Captioned web image data:
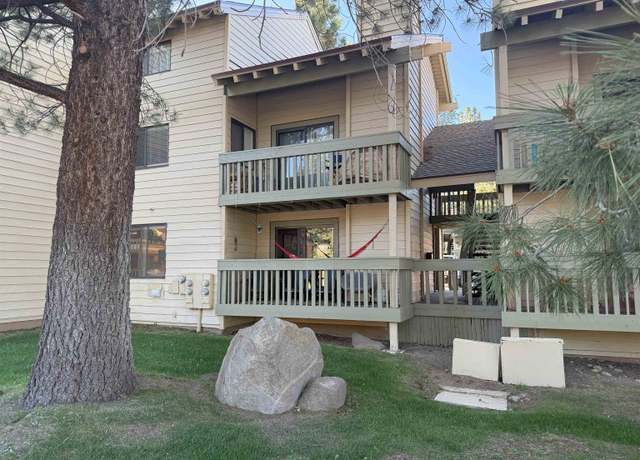 Property at 167 Meadow Ln #7, Mammoth Lakes, CA 93546, 2 beds, 1 bath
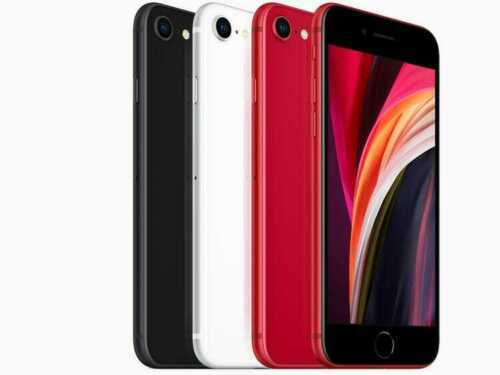 Apple iphone 2nd gen 2020 - 2nd,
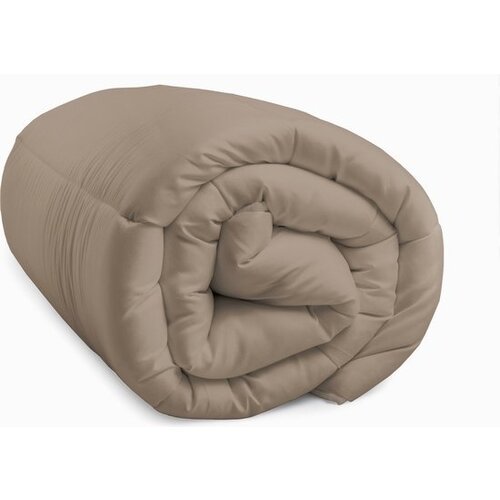 Sleeptime Lazy All-in one lazy dekbed Taupe/Grijs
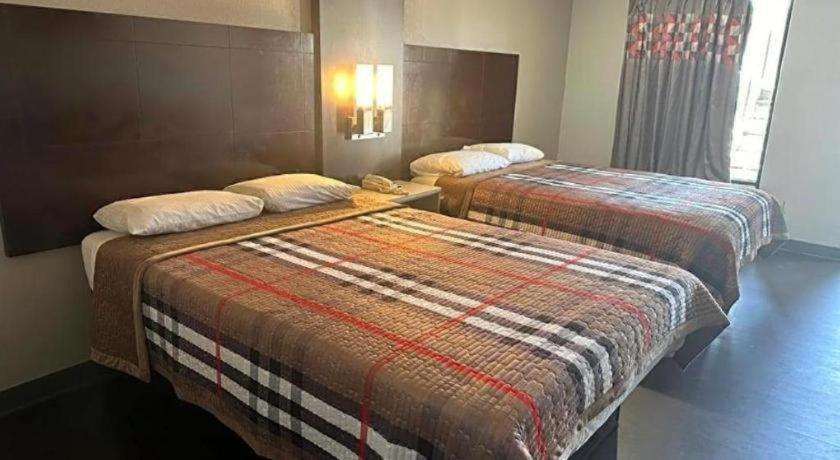 Bedroom 5, Scottish Inns Augusta, Richmond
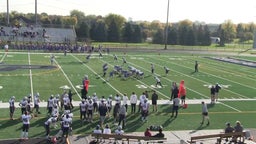 Champlin Park football highlights St. Michael-Albertville High School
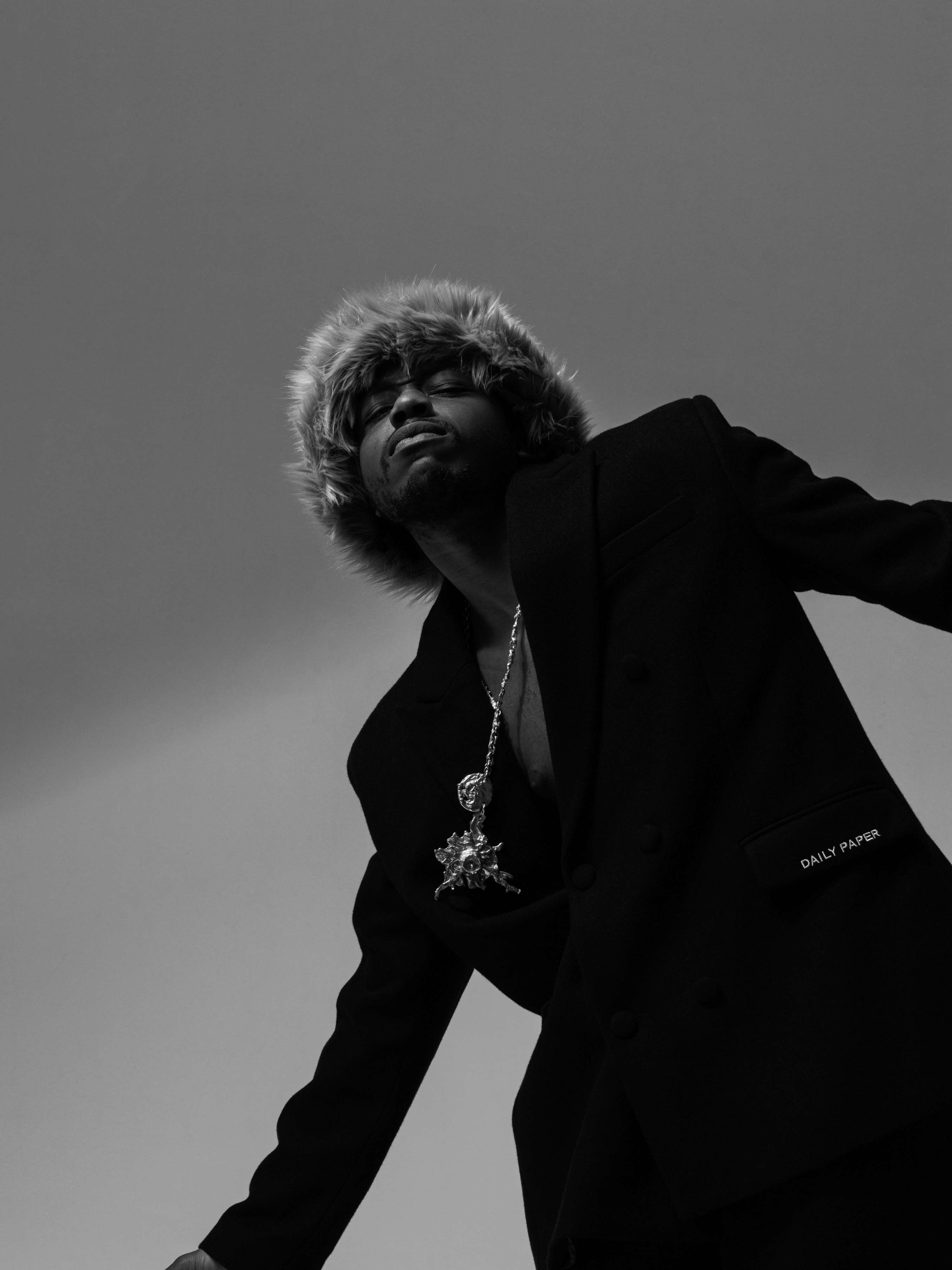 Lord Apex x Notion Magazine by Caitriona Oladapo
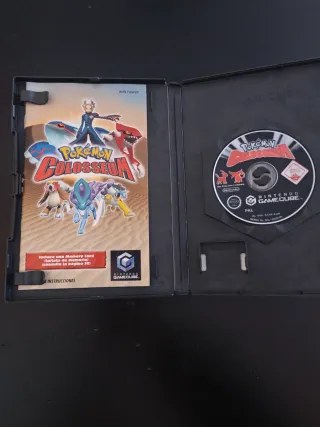 Pokémon Colosseum Nintendo GameCube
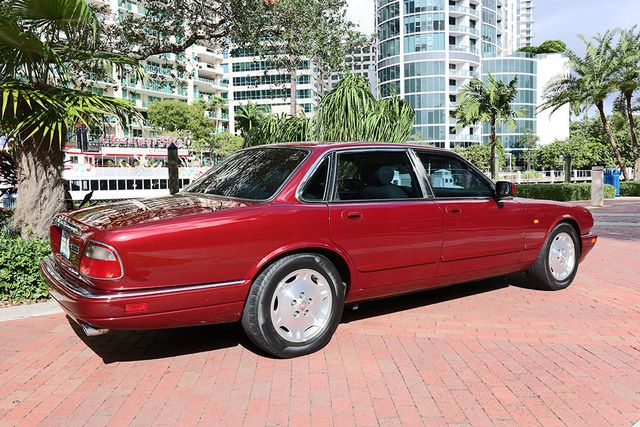 1997 Jaguar XJ 4dr Sedan - 22959972 - 54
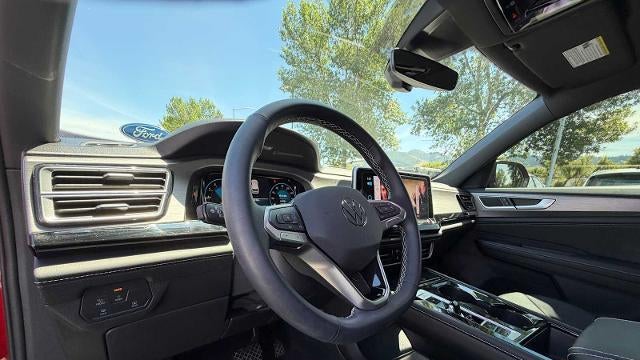 2024 Volkswagen Atlas Cross Sport SE 4Motion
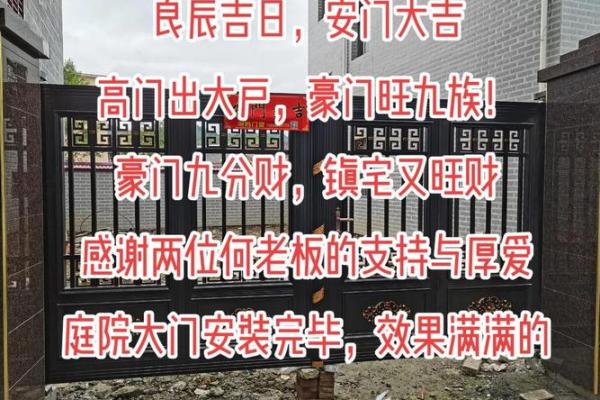 安门吉日2025年最佳时间 2025年安门吉日查询最佳时间与风水禁忌全解析
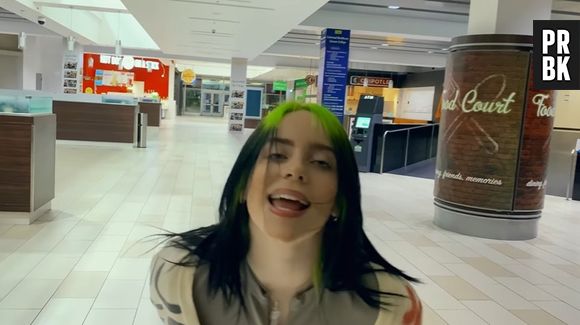 Billie Eilish reage à perda de seguidores
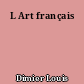 L Art français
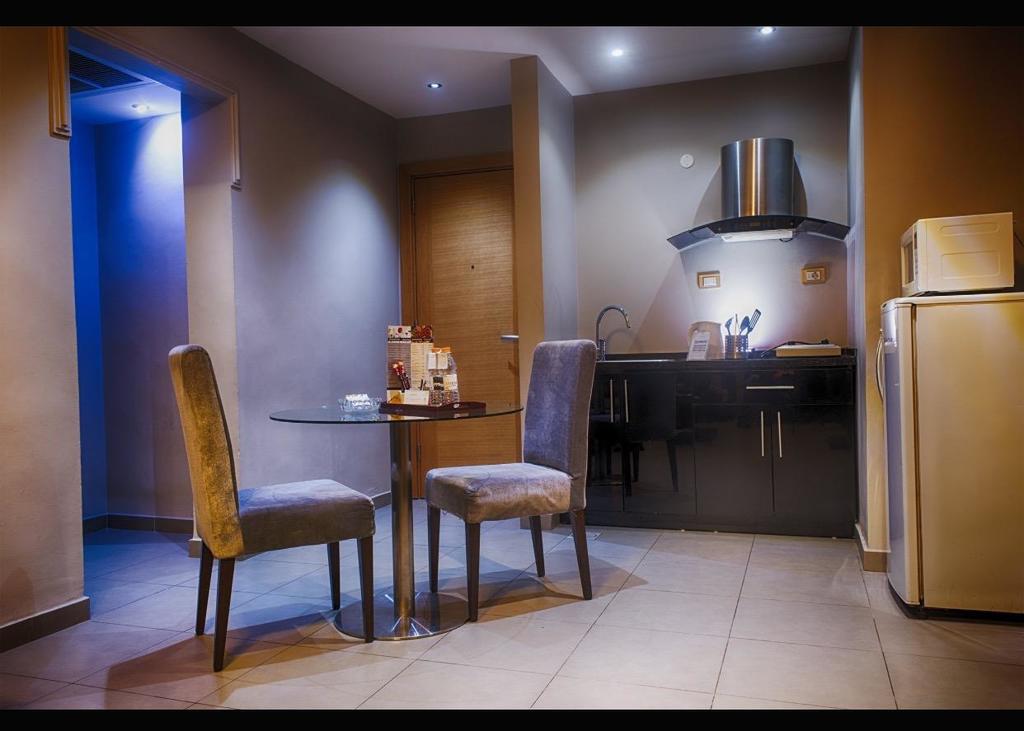 Crystal Suites Amman Extérieur photo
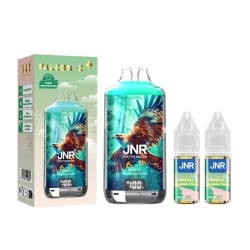 Puff JNR Falcon-X Mango Passion Fruit - JNR pas cher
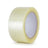 Clear hot melt carton sealing tape roll, transparent adhesive strip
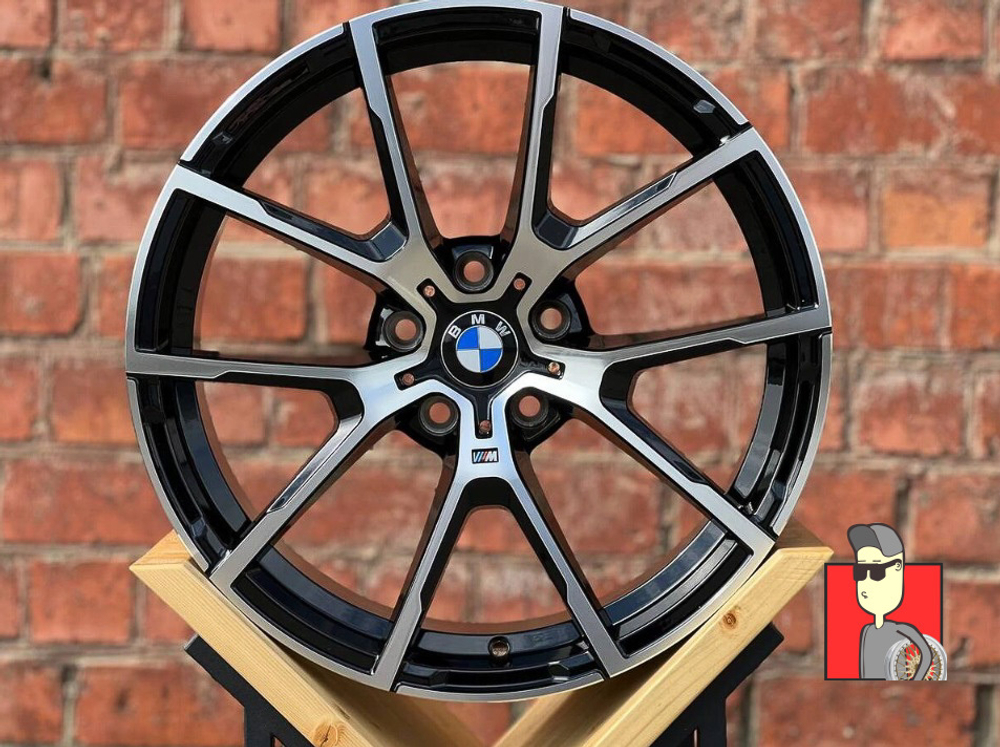 Комплект дисков BMW 826M 19x9.5 et37 5x112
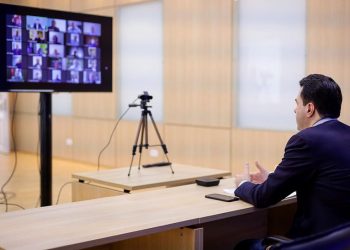 Basha lë në baltë Berishën, nuk ka ndërmend të thërrasë protesta. Zbardhen diskutimet me strukturat e PD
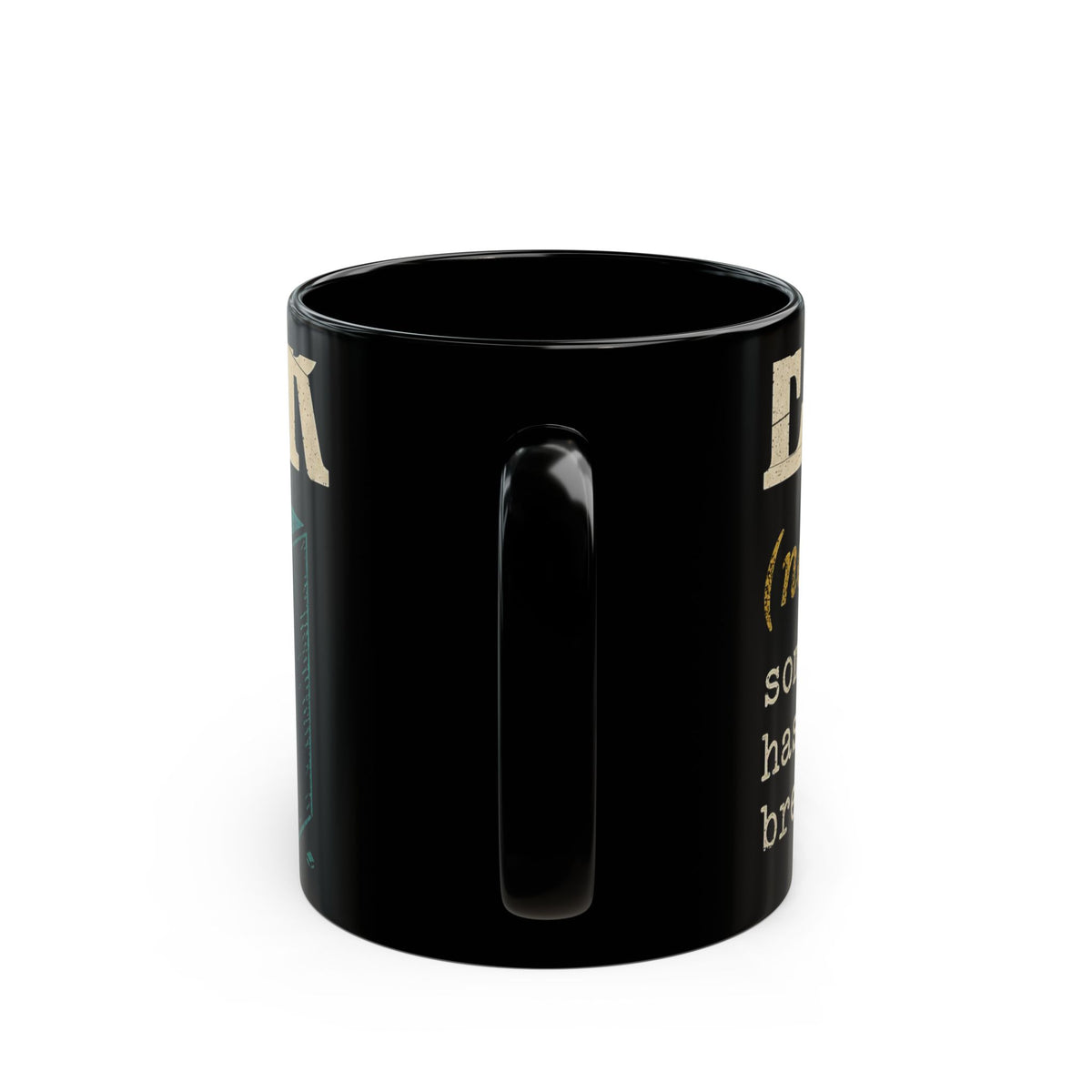 Senior Engineer Definition Mug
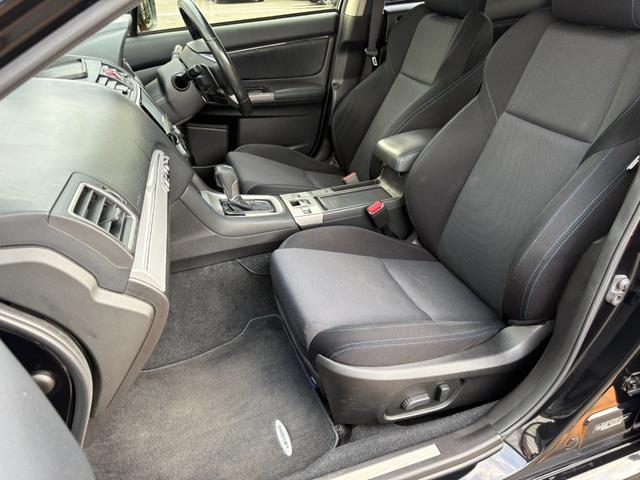 レヴォーグ 1.6GT-Sアイサイト ナビ バックカメラ ETC STIフロントスポイラー(41枚目)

■ **Your goal**
Please print the lines above word for word, starting at the one with "Pokémon Colosseum Nintendo GameCube" and ending at the one with "Basha lë në", both included, and without any picture.

■ **Written answer**
 Pokémon Colosseum Nintendo GameCube
 1997 Jaguar XJ 4dr Sedan - 22959972 - 54
 2024 Volkswagen Atlas Cross Sport SE 4Motion
 安门吉日2025年最佳时间 2025年安门吉日查询最佳时间与风水禁忌全解析
 Billie Eilish reage à perda de seguidores
 L Art français
 Crystal Suites Amman Extérieur photo
 Puff JNR Falcon-X Mango Passion Fruit - JNR pas cher
 Clear hot melt carton sealing tape roll, transparent adhesive strip
 Комплект дисков BMW 826M 19x9.5 et37 5x112
 Basha lë në baltë Berishën, nuk ka ndërmend të thërrasë protesta. Zbardhen diskutimet me strukturat e PD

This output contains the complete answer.